Training set (or config?) screwed up

Hey guys,

I am currently beginning to write my Master’s Thesis on detecting/tracking bees and thereby stumbled upon your amazing tool.

I basically created a skeleton with 4 points (blue: head, pink: torso, orange: abdomen, yellow: stinger) for my bees.
My labeled images look like this:

Then I trained the network on a few annotated frames.

Applying the trained network to a test video, resulted in the following detections, which were perfectly fine for having trained on only a handful of frames:

I then annotated more frames and trained again to improve the performance, but somehow the network performed worse than better and the detections look as follows:

Evaluation shows ~0.83 pck_train, ~0.77 rpck_train, ~0.15 pck_test and ~0.17 rpck_test.
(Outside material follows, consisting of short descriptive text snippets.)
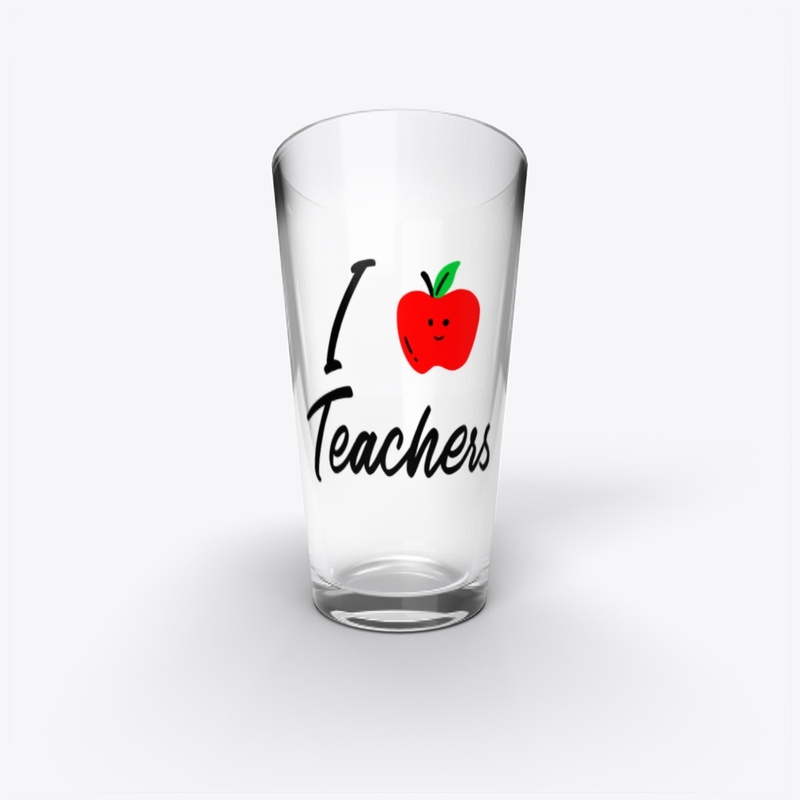 I Love Teachers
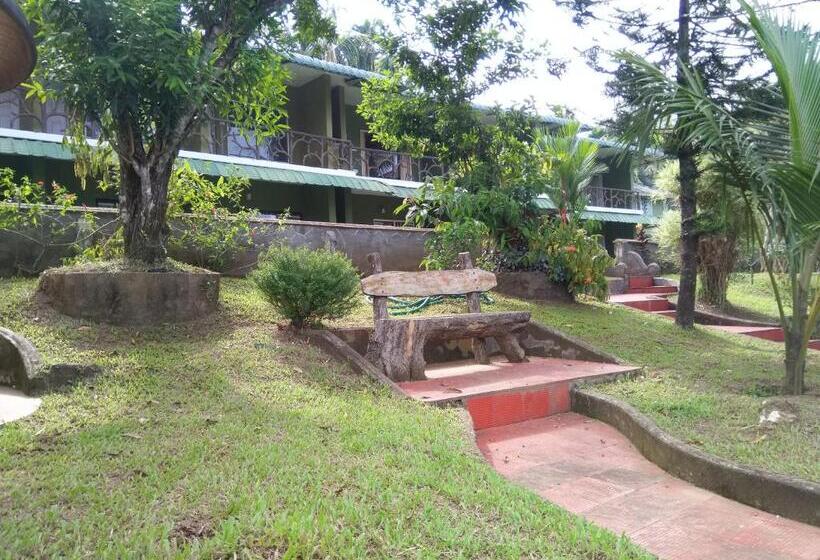 渡假胜地 Elephant Pass Ayurveda & Yoga Retreat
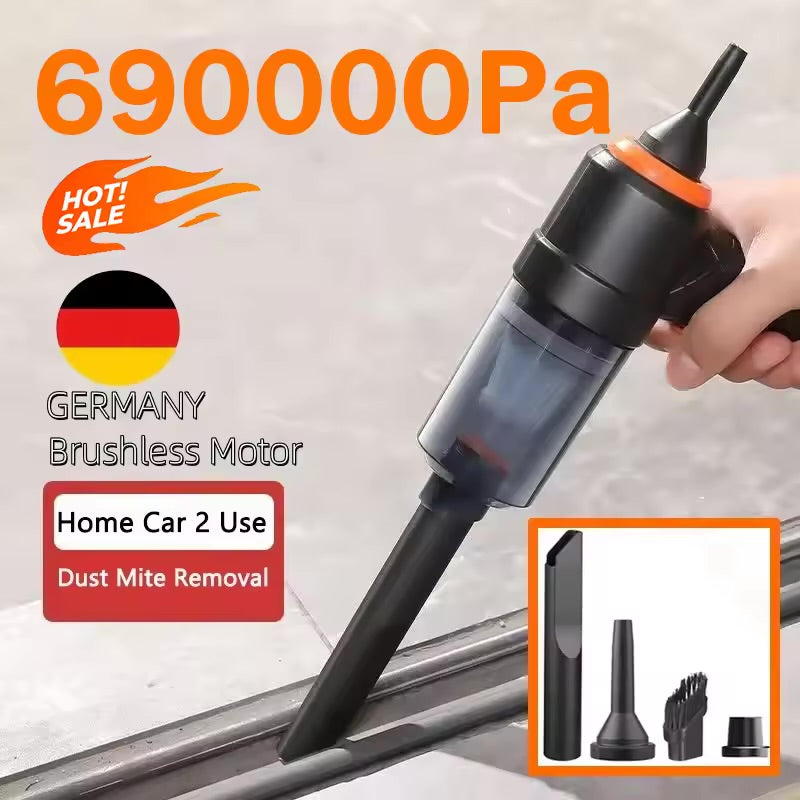 Mini vacuum cleaner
This was the result of training (with cropping augmentation (20 x 200x200)) on 64 annotated frames from 4 videos (1440x1080p) for 50k epochs.
My config file looks like this: config.yaml -

My question is: How do I fix this mess again?
Is the video quality too poor?

  • motion blur
    • some frames (extracted by kmeans) contain much motion blur
    • tried with both keeping and removing them for training → no visual impact
    • Is the best practice to keep or discard them?
  • hardly a background contrast
    • hard to tell the difference between the background (honey comb) and the bee
    • Is the best practice to label those hardly recognizable bees or should I only annotate the clearly visible ones?
  • occlusions
    • the bees often occlude each other, so I only labeled the visible bodyparts
  • config
    • do the original or cropped videos still have impact during training or only the labeled_data?
    • I only have the original videos in the videos directory and no cropped ones
    • both cropped videos and original videos have the crop parameter set to “0, 200, 0, 200” (probably from last training crop setting), although the original videos are 1440x1080p and they were manually cropped during extract_frames

Thanks in advance for your help!
If you need more input, just hit me up.


Could you provide plots from one of the analyzed videos? Your use case seems particularly hard since the image is super crowded with a lot of possible individuals.

Could you explain what you did, i.e., did you add more to original training set, or make a new iteration, by i.e. “merge_datasets” – sounds like there is an issue with the old and new data formatting

cc @jeylau